* [Records excerpted from a collection]:
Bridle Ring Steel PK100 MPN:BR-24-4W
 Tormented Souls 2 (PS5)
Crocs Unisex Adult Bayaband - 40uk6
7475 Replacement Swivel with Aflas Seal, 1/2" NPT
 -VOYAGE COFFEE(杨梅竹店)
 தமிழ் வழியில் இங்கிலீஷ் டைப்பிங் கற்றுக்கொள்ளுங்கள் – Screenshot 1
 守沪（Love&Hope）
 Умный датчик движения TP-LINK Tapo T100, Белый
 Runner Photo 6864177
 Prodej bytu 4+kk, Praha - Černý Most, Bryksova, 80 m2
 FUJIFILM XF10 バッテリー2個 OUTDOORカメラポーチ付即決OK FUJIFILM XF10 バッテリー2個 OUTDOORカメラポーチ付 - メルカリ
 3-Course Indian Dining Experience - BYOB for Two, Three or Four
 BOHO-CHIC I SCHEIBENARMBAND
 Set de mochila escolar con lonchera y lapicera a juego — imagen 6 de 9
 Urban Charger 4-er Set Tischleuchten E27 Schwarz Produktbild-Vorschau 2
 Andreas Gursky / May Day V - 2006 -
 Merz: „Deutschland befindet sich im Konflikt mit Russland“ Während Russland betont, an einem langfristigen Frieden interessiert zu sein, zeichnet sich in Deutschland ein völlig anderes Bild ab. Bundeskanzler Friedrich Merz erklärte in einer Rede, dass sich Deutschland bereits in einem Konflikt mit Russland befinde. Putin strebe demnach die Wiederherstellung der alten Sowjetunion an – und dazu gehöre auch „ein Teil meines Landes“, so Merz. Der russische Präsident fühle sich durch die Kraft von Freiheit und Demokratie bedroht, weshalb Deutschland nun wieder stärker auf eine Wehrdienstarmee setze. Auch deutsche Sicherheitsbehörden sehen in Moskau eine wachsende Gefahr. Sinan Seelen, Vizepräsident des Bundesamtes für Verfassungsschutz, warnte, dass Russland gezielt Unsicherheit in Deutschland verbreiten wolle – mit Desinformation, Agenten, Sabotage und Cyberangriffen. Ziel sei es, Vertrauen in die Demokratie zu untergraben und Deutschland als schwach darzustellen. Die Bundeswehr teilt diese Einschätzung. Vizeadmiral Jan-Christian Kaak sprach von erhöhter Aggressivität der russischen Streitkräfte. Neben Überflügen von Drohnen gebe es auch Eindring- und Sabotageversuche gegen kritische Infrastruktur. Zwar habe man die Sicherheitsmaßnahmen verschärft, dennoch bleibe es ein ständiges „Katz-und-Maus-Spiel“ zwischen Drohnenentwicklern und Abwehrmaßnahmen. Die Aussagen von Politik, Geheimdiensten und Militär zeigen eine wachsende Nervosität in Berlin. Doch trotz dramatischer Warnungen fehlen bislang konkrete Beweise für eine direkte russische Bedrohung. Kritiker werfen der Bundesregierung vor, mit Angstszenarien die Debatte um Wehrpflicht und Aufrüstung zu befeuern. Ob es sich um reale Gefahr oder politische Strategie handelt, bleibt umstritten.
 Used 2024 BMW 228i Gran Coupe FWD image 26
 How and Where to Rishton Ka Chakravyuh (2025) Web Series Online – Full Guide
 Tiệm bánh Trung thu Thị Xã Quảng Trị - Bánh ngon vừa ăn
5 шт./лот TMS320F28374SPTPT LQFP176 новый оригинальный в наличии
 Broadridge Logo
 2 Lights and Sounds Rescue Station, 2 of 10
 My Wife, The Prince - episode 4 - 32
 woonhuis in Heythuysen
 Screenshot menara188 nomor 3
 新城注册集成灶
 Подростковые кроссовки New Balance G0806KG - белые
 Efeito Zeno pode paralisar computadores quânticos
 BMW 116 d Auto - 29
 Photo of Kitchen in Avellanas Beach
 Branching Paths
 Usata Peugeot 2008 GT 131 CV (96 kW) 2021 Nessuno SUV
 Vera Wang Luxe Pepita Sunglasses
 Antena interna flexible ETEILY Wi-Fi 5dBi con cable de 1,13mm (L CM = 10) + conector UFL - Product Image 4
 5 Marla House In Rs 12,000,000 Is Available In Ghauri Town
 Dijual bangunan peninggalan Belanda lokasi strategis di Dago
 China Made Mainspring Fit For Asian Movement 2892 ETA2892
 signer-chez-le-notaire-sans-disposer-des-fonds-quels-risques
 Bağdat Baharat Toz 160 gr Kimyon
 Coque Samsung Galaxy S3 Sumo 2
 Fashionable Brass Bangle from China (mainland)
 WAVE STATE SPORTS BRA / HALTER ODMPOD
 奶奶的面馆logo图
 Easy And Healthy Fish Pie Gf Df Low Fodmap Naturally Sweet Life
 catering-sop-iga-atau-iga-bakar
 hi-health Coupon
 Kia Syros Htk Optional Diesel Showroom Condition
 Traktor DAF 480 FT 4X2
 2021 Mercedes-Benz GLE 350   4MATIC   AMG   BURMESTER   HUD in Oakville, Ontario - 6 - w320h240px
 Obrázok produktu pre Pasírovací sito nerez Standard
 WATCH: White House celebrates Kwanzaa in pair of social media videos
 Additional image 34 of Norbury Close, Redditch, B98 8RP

* [What is needed]: Read through the lines above and collect those that contain the string "China".

* [Written solution]:
 China Made Mainspring Fit For Asian Movement 2892 ETA2892
 Fashionable Brass Bangle from China (mainland)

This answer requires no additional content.